GraphRAG is the main coordinator for the layered graph system.

Every in-memory store is partitioned by tenant. The coordinator holds a map of tenant ID → *tenantStores and a reader/writer mutex that protects only the outer map; per-tenant stores keep their own RWMutexes for fine-grained concurrent access. All event ingestion and queries route through storesFor(ctx) / storesForTenant(tenant) — there is no "global" slice.

func New

func New(repo *storage.Repository, tsdbAgg *tsdb.Aggregator, ringBuf *tsdb.RingBuffer, cfg Config) *GraphRAG

New creates a new GraphRAG coordinator.

The vectordb-backed semantic similarity path was removed on 2026-05-24 along with the find_similar_logs MCP tool — log clustering now relies solely on the Drain template miner (see drain.go).

func (*GraphRAG) AllServiceEdges

func (g *GraphRAG) AllServiceEdges(ctx context.Context) []*Edge

AllServiceEdges returns every edge in the caller's tenant's ServiceStore. Kept as a narrow helper so API handlers do not need to traverse the tenantStores composite themselves.

func (*GraphRAG) AnomaliesForService

func (g *GraphRAG) AnomaliesForService(ctx context.Context, service string, since time.Time) []*AnomalyNode

AnomaliesForService is a tenant-aware read-through to the per-tenant AnomalyStore, exported so handlers outside this package never need to reach into the store maps directly.
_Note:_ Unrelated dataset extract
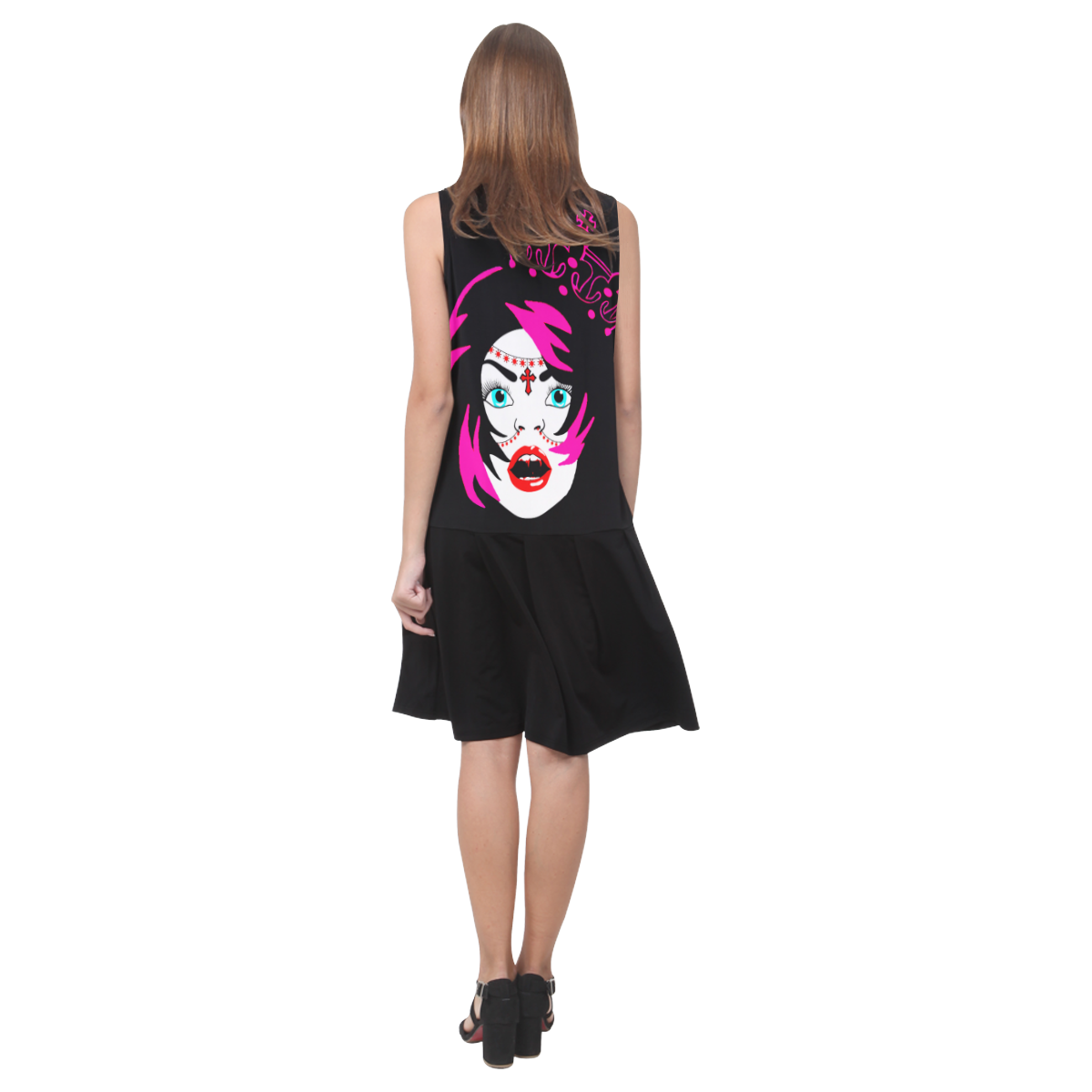 gypsy princess vampire Sleeveless Splicing Shift Dress(Model D17)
func (*GraphRAG) AnomalyTimeline

func (g *GraphRAG) AnomalyTimeline(ctx context.Context, since time.Time) []*AnomalyNode

AnomalyTimeline returns recent anomalies sorted by time.
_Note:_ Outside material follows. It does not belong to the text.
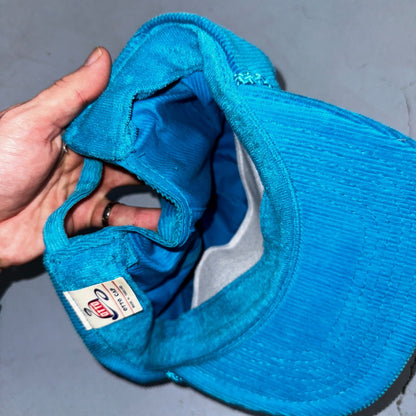 Baker Montana Ross Management Corduroy VTG Hat Cap Snapback Blue Fun Text Otto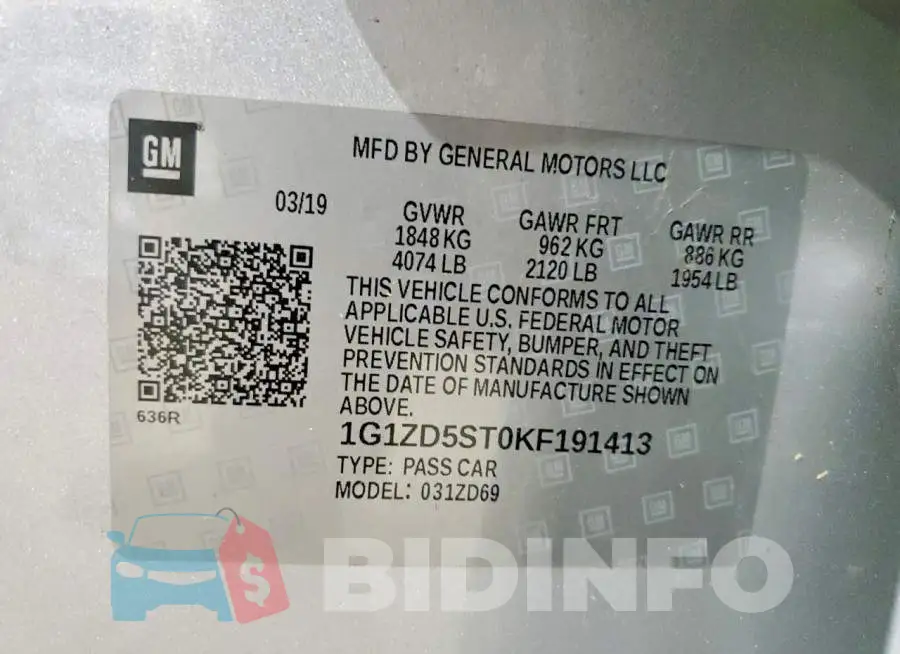 1G1ZD5ST0KF191413 Photo# 12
func (*GraphRAG) CorrelatedSignals

func (g *GraphRAG) CorrelatedSignals(ctx context.Context, service string, since time.Time) *CorrelatedSignalsResult

func (*GraphRAG) DependencyChain

func (g *GraphRAG) DependencyChain(ctx context.Context, traceID string) []SpanNode

DependencyChain returns the full span tree for a trace.

func (*GraphRAG) DrainTemplateCount

func (g *GraphRAG) DrainTemplateCount() int

DrainTemplateCount reports the number of live Drain templates (bounded by maxTemplates, but the gauge proves it in production).

func (*GraphRAG) DroppedLogsCount

func (g *GraphRAG) DroppedLogsCount() int64

DroppedLogsCount reports the number of log events dropped because the ingestion channel was full.

func (*GraphRAG) DroppedMetricsCount

func (g *GraphRAG) DroppedMetricsCount() int64

DroppedMetricsCount reports the number of metric events dropped because the ingestion channel was full.

func (*GraphRAG) DroppedSpansCount

func (g *GraphRAG) DroppedSpansCount() int64

DroppedSpansCount reports the number of span events dropped because the ingestion channel was full. Exported for tests and readiness probes; atomic, safe from any goroutine.

func (*GraphRAG) ErrorChain

func (g *GraphRAG) ErrorChain(ctx context.Context, service string, since time.Time, limit int) []ErrorChainResult

ErrorChain traces error spans upstream to find the root cause service. The tenant slice is selected via ctx — callers without a tenant ctx collapse to storage.DefaultTenantID at the coordinator boundary.

func (*GraphRAG) EventBufferDepth

func (g *GraphRAG) EventBufferDepth() int

EventBufferDepth returns the current number of events queued in the ingestion channel. Exported for telemetry polling; never blocks.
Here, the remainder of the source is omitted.